Another Cairo public school teacher, Ahmed Moharam, jumps into the conversation. “The ministry claims that striking will deny students their education,” he says. “Yet if we strike, we will do so for the sake of providing students with a higher quality and standard of education. Striking shouldn’t be considered a crime or a selfish act.”
A few tents were pitched on Qasr al-Aini Street outside the Cabinet, indicating that this protest may potentially last for several days.
Ibrahim Abdel Latif, a young public school teacher from Monufiya Governorate, exclaims, “I’ve been working full time for the past six years, and I only make LE600. I’m married and have a child, yet my salary is not enough to meet my own personal needs let alone those of my family. I’ve come here to Cairo to protest out of desperation.”
Hundreds of teachers from the governorates of Cairo, Giza, Alexandria, Port Said, Beheira, Aswan, Sharqiya, Gharbiya, and Ismailia have reportedly threatened to escalate their protests into a strike if their demands are not met before 17 September. The real likelihood of a mass strike is unclear, however. There have been no media reports of strike threats from the remaining 17 governorates.

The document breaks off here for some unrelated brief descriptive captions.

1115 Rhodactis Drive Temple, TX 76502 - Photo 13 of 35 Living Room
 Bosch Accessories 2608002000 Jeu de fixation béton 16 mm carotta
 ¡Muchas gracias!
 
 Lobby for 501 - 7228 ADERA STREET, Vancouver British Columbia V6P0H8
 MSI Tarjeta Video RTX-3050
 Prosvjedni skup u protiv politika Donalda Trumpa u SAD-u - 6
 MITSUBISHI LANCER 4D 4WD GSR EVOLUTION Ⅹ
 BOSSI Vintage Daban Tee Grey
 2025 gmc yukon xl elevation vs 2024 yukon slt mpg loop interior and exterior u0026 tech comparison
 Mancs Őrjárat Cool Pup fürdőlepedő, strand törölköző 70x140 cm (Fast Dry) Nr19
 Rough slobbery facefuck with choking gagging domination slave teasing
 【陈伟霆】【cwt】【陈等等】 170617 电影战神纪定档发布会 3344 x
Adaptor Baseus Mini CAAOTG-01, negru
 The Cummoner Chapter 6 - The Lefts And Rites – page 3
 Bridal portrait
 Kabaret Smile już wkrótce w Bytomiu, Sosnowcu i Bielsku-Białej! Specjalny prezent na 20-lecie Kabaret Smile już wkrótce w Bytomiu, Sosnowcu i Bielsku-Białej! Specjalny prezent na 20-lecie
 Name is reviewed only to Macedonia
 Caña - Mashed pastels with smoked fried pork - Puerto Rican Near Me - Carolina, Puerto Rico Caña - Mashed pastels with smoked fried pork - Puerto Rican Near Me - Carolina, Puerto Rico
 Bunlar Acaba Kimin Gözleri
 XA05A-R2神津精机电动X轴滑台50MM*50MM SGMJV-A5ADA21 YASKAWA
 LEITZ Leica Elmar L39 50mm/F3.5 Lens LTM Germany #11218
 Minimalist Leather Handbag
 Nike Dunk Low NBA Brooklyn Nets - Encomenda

Abdel Latif claims that teachers were conducting protest rallies outside the Ministry of Education’s bureau in the city of Shebin al-Kom in Monufiya on Monday. But Abdel Latif believes that strikes are unlikely to break out in the traditionally quiescent governorate.
According to Iman al-Bawab, an administrative employee at a public school in the city of Mahalla, “I’ve been employed by the Ministry [of Education] for the past 25 years, and I still make just LE600 per month.”
Bawab points out that conditions in her school, and others in Mahalla, are not conducive to a quality education. “We have only one teacher to every 50 or 55 students,” she says.
Classrooms are overcrowded and students are crammed onto their benches. Bawab adds that conditions are even worse in other schools where “there may be just one teacher to every 70 or more students, some of whom have to sit on the ground due to the lack of benches.”
Speaking from a stage erected across from the Cabinet building, a bearded teacher with a trimmed mustache addresses the crowd of protesting teachers. “[President Mohamed] Morsy is originally a professor and an education specialist, thus he should take our demands seriously and also uphold our basic rights,” he proclaims.
Hearing this, Bawab screams in reply, “Morsy cares only about his throne and the rights of the [Muslim] Brotherhood.”
Another teacher addresses the audience from the wooden stage. “We teachers are entrusted with manufacturing Egypt’s most valuable product — the human mind,” he shouts. “Help us, so that we can help these young minds who are Egypt’s future.”
Habiba Salama, a public school teacher in the town of Hihya in Sharqiya Governorate speaks of the exploitative conditions associated with employing full time teachers on part time contracts. “I’ve been employed at my school for over a year now, yet they pay me only LE82.25 monthly. I was supposed to have signed a full time contract after my first six months at the job, but the school administration has failed to provide it,” Salama says.
“This salary is like a bad joke. I live in Cairo and I have three children to support. I pay around LE 25 each day in transportation just to go to work and back home. I’m indebted because I work.”